Friend Mendl, then quotes Clausewitz (more often cited than read) in saying the political has to guide the military is a truism, as "the political" is simply what thoughts go through our minds as we set about with our planning. What's the ideological glue that coheres this massive attempt at cooperation? What follows is almost robotic, and gets faster and more precise with practice, which is what drilling is all about.  Martial artists are always looping through their moves in various hypertoon scenarios.

We get to Kissinger and ample citations to a dogma that military might makes for influence on the world stage. That truism, combined with a lot of zero sum game misassumptions endemic to English speakers, but not only English speakers, has led us to the threshold of mutually assured destruction, a cliffhanger for sure.

Back to my point about George Fox as cut from cloth similar to that of a military leader, I think Quakers around Oliver Cromwell's time, on through William Penn, got some appreciation from the war rooms for at least having done some homework.
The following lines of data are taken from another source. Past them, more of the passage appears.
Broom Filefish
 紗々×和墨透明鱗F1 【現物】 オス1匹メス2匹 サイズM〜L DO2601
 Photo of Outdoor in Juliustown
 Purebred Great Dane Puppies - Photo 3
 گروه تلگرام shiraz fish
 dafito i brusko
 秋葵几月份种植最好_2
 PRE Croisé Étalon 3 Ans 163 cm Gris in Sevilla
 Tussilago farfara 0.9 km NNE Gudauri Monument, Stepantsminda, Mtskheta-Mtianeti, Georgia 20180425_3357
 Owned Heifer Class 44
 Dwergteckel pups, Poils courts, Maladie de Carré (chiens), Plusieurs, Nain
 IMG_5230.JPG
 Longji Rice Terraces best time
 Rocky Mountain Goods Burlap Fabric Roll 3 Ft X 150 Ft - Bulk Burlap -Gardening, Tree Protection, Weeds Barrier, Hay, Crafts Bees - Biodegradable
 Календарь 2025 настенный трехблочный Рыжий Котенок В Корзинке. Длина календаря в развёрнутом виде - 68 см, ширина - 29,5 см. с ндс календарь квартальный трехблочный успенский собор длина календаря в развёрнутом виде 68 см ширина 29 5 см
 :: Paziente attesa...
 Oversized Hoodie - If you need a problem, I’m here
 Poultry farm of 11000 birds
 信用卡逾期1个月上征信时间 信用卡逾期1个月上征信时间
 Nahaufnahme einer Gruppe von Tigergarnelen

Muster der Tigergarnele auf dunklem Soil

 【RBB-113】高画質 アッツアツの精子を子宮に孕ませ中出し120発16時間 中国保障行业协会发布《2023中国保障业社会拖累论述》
They didn't walk in and immediately start kneeling or handing out pamphlets or other inappropriate behaviors (pouring lamb's blood on everything). They speak knowingly of the chessboard (if not a go board) and have constructive things to say.

This Pendle Hill Pamphlet (#247) contributes in that direction. Having come out several decades ago, there's no hint of our curriculum changes in the lower grades around geometry, bringing the context of world game to American literature, as E. J. Applewhite predicted and helped make happen. I'm not saying every public or private school shares anything about all of the focal points my own students all know about. Not in early 2017.  However the garden had been planted, the memes released, much earlier in the 1900s. Osmosis takes time. At least Quakers were doing their homework.